Created 10-24-2017 09:31 PM
I can use SparkSession to get the list of tables in Hive, or access a Hive table as shown in the code below. Now my question is if in this case, I'm using Spark with Hive Context?
Or is it that to use hive context in Spark, I must directly use HiveContext object to access tables, and perform other Hive related functions?
spark.catalog.listTables.show val personnelTable = spark.catalog.getTable("personnel")
Created 10-25-2017 04:13 AM
I assume you're on Spark 2?
SparkSession, without explicitly creating SparkConf, SparkContext or SQLContext, encapsulates them within itself.
Also SparkSession has merged SQLContext and HiveContext in one object in Spark 2.0.
When building a session object, for example:
val spark = SparkSession .builder() .appName( "SparkSessionZipsExample" ) .config( "spark.sql.warehouse.dir" , warehouseLocation) .enableHiveSupport() .getOrCreate()
.enableHiveSupport() provides HiveContext functions. So you're able to use catalog functions since spark has provided connectivity to hive metastore on doing .enableHiveSupport()

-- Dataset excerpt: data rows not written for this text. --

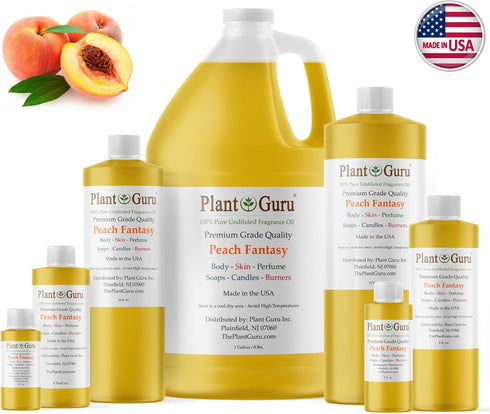 Peach Fantasy Fragrance Oil 8 fl. oz. Scented Oil for DIY Soap Making, Candles, Bath Bombs, Body Butters. Used in Aromatherapy Diffusers, Burners and Warmers. Add to Lotions and Creams.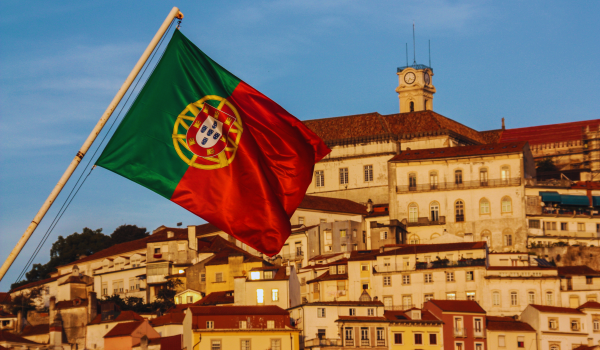 Portuguese Flag in Coimbra Portugal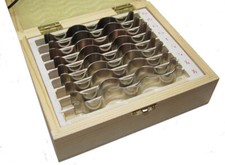 RDGTOOLS 9PR WAVY PARALLEL SET IMPERIAL 1/2" - 1- 1/2" MILLING TOOLS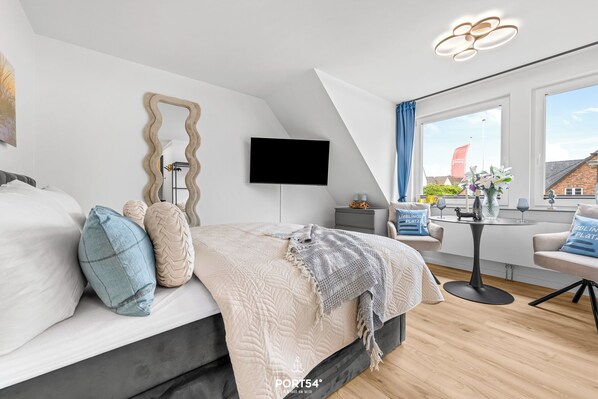 1 Schlafzimmer, Bügeleisen/Bügelbrett, Reisekinderbett, kostenloses WLAN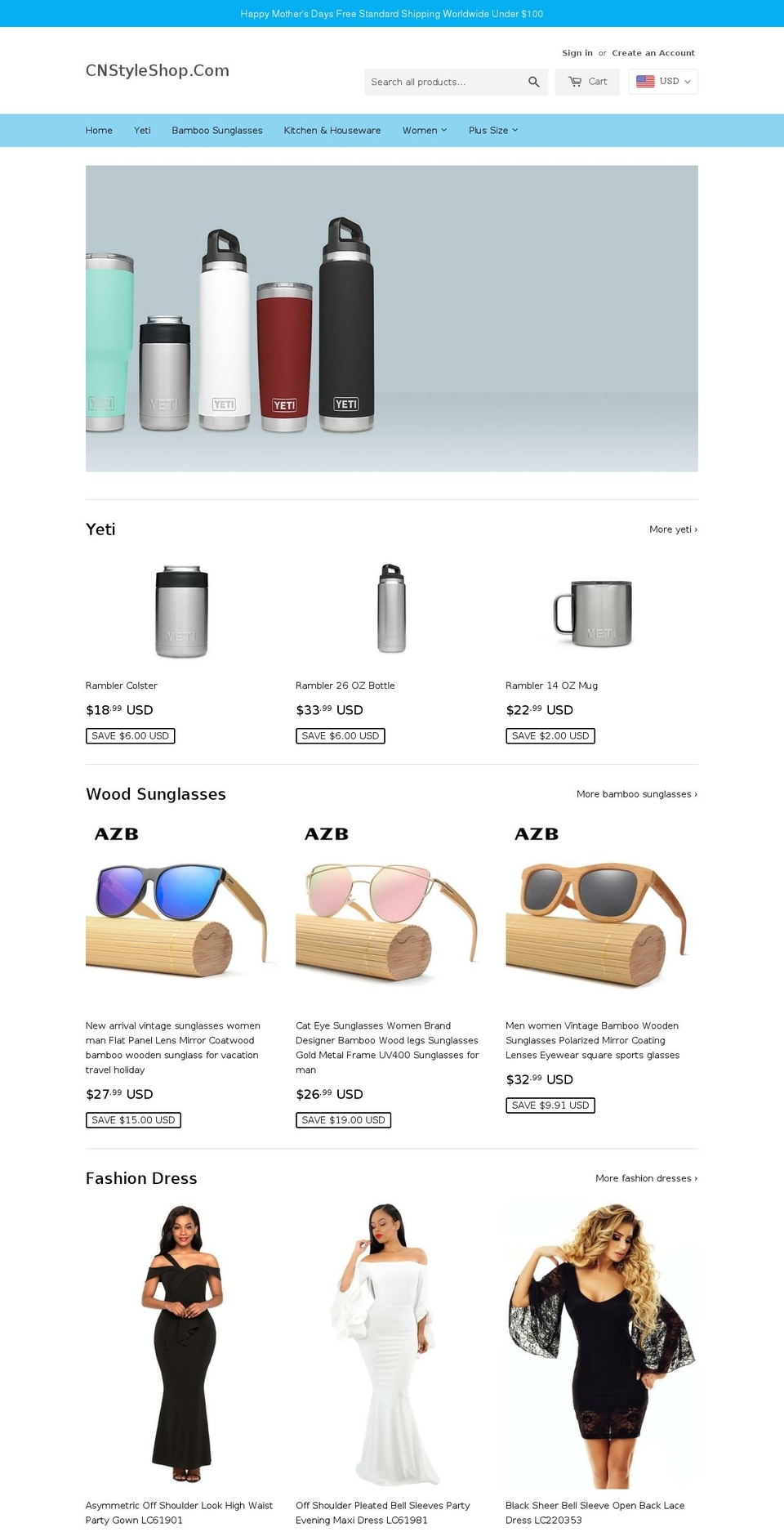 cnstyleshop.com — Shopify storefront screenshot
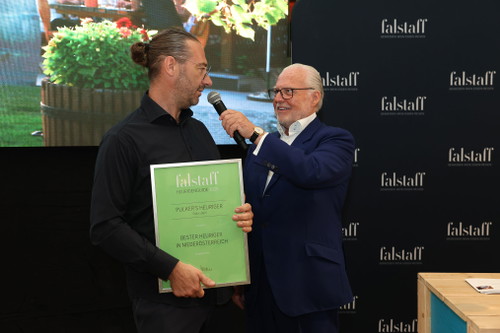 Heurigenguide Präsentation 2025, Gewinner Bernd Pulker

You'll get more clarity by reading this https://databricks.com/blog/2016/08/15/how-to-use-sparksession-in-apache-spark-2-0.html
Created 10-25-2017 04:40 PM
Thanks for the reply. Does this mean that spark object in spark-shell already has enableHiveSupport() enabled? or the spark.sql(), and spark.catalog that spark object provides are implemented by SparkSession even without enableHiveSupport()?
Created 10-25-2017 05:37 PM
Yes, spark-shell has enableHiveSupport() already enabled